Conventional lie detector systems, called polygraphs, pick up on changes to breathing, sweat glands, heart and pulse.

And Bruce Burgess, a "professionally trained" polygraph examiner, says telephone lie detector systems are about as reliable as tossing a coin.

"There's no way you can tell from a single telephone call whether someone is lying. Before a polygraph test we have to prepare a subject for hours so they trust the examiner and trust the test.

"Otherwise even if they are being truthful, there could be a reaction. The key is to have no surprises."

But telephone tests could work well as a deterrent, he says, because if people think they're being tested, they're less likely to make false claims.

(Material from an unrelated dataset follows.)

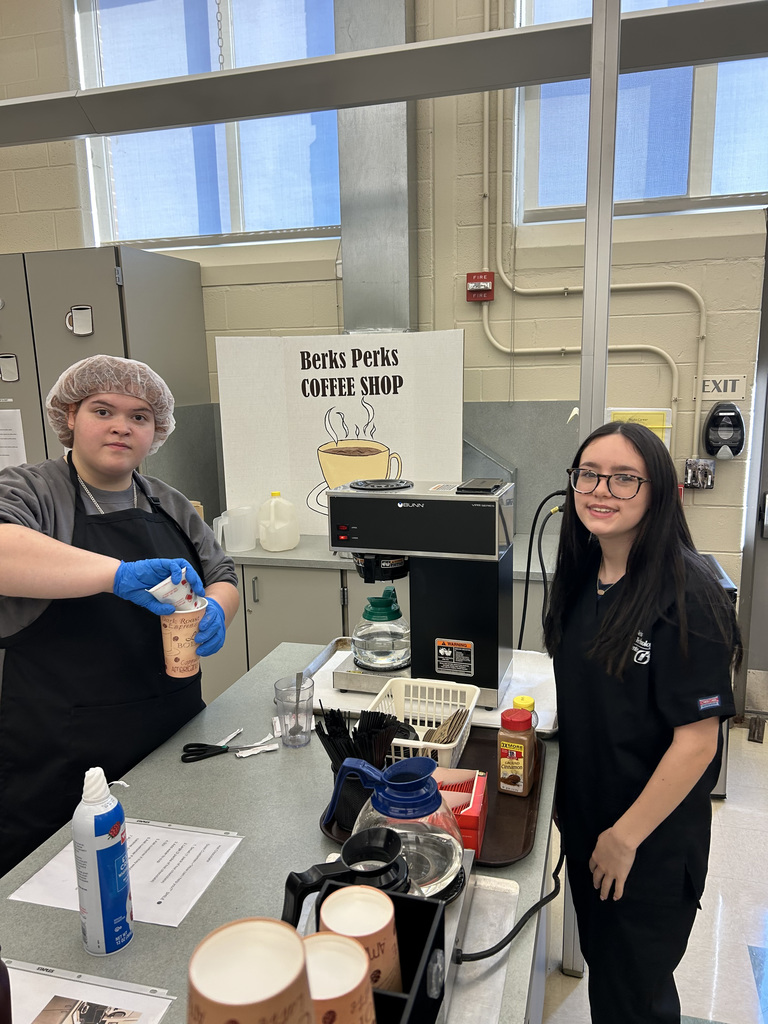 our individuals are in a classroom setting. In the foreground, two people wearing blue gloves stand side by side. The person on the left, in a gray sweatshirt, is smiling and holding a cup with brown liquid. The person on the right wears a yellow fleece jacket with an ID badge and has hands resting on the table. The table holds boxes of gloves, containers, and papers. In the background, two other individuals are visible—one facing away and another near computers.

Below is a selection of your comments.

All of the independent research shows that voice-based lie detection systems are completely invalid. No decisions should be based on such a flawed technology.
Dr. Louis Rovner, Los Angeles, California, United States

Given the evidence for polygraph's being inconsistent and easily gamed, I think Bruce Burgess's opinion is pretty worthless. The best way this could work is by Birmingham advertising it far and wide in the hope that it scares off the stealing scum.
Tobin, Brighton

Strange that Bruce Burgess the "Professionally Trained" polygraph examiner doesn't like VRA, guess it might affect his job. Pity that polygraph is also about as accurate as tossing a coin. VRA is only used to highlight further lines of enquiry. It's not going to be used as judge, jury and executioner. More to be used to allow companies/councils to use their budgets more effectively.
SD, Halifax

Birmingham Council should be embarrassed and ashamed to have to have bought into the emperor's-new-clothes technology of voice stress analysis (now being marketed as Voice Risk Analysis). These voice-based lie detectors, like the polygraph, are entirely without scientific basis and are not to be trusted.
George Maschke, co-founder, AntiPolygraph.org, The Hague, The Netherlands

It's amazing how all these 'Big Brother' technologies need a sensationalist news story like this to fool the public into accepting them. CCTV will cut crime! Biochips in passports will stop terrorism! Now phone monitoring will cut benefit fraud! "Any society that would give up a little liberty to gain a little security will deserve neither and lose both."
Lord Farr, London

What if the claim is made using an interpreter?
Edwards, Slough

Waste of time. Lie Detectors, in any form, have been proven time and time again to be seriously flawed in the results they give. But hey if the council wants to waste taxpayers' money chasing something that doesn't really work....
Chris Templeton, Edinburgh

I completely agree with the TUC and their concerns about innocent but nervous people. I get extremely nervous when speaking on the telephone under normal circumstances, even more so when speaking to my bank or other 'official' organisations. I don't claim benefits but if I did I'm sure I would also be nervous when on calls such as those mentioned in the article - I dread to think what kind of results I would produce in one of these so called telephone tests!! It all sounds very unreliable and given that in this country polygraph data is not admissible in a court of law then it should not be used for such purposes as this.
Sarah, London

I think there should be no problem with this. If you have nothing to hide, you have nothing to fear. I for one wouldn't care if this was used by my own local council.
Andie Riley, Leeds, England

Ummm. Lie detectors don't actually work so how do they think this would help them catch cheats? If the cheats force it to the courts they will win! There is no (scientific or otherwise) proof that something as subjective as truth can be detected by a machine! I look forward to this council being sued for the extra stress the will create with their made up test!